Transcribe the line holding "Close up of" together with every line after it, through the end of the records, exactly and with no pictures.

Segment Start: Provided material

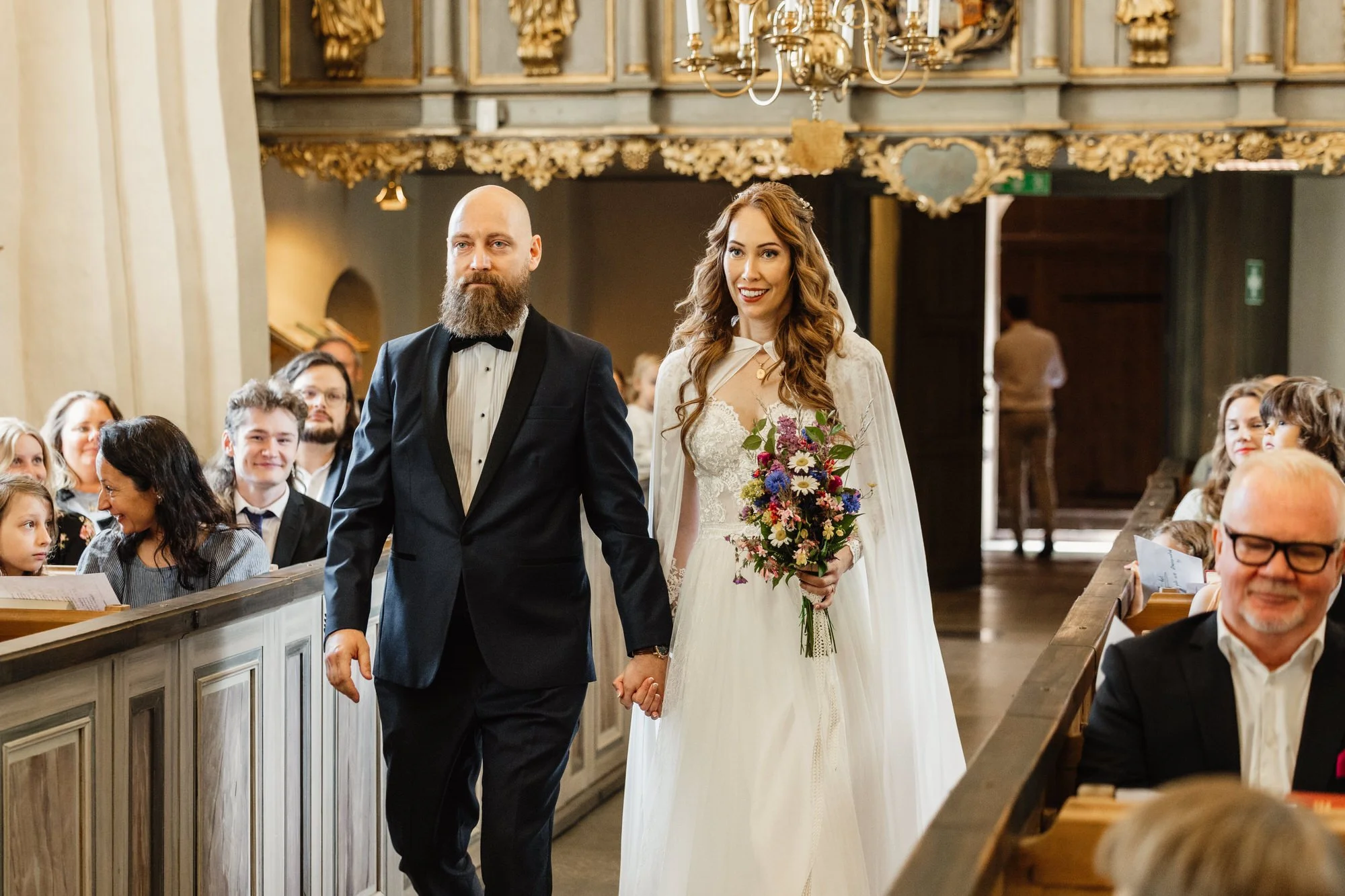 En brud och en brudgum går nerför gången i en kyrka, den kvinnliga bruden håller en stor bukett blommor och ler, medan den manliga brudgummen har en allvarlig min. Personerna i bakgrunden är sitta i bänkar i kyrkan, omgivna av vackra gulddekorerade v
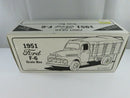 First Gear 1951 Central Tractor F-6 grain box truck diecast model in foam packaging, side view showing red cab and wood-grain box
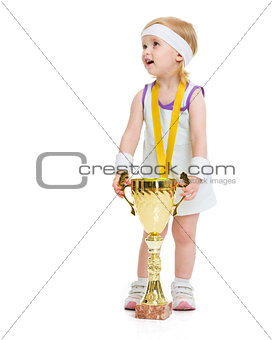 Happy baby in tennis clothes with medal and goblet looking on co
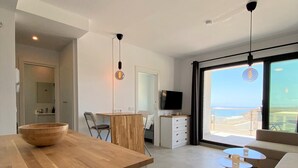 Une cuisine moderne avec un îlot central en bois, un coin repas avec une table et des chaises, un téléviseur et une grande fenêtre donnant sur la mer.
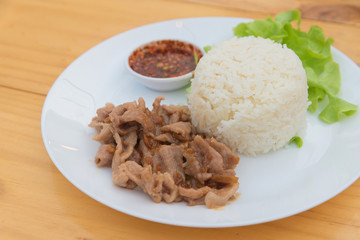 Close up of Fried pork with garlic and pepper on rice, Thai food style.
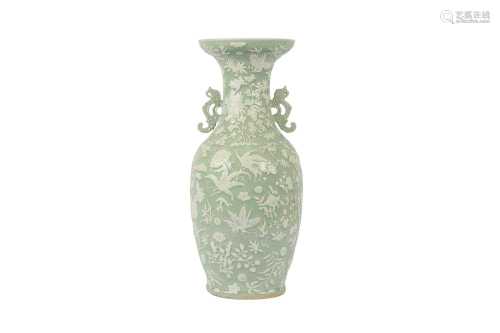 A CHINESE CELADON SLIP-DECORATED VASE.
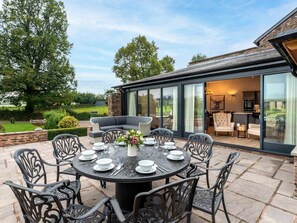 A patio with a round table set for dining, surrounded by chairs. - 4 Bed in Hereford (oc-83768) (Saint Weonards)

Segment End: Provided material

- [Your response]
 Close up of Fried pork with garlic and pepper on rice, Thai food style.
 A CHINESE CELADON SLIP-DECORATED VASE.
 A patio with a round table set for dining, surrounded by chairs. - 4 Bed in Hereford (oc-83768) (Saint Weonards)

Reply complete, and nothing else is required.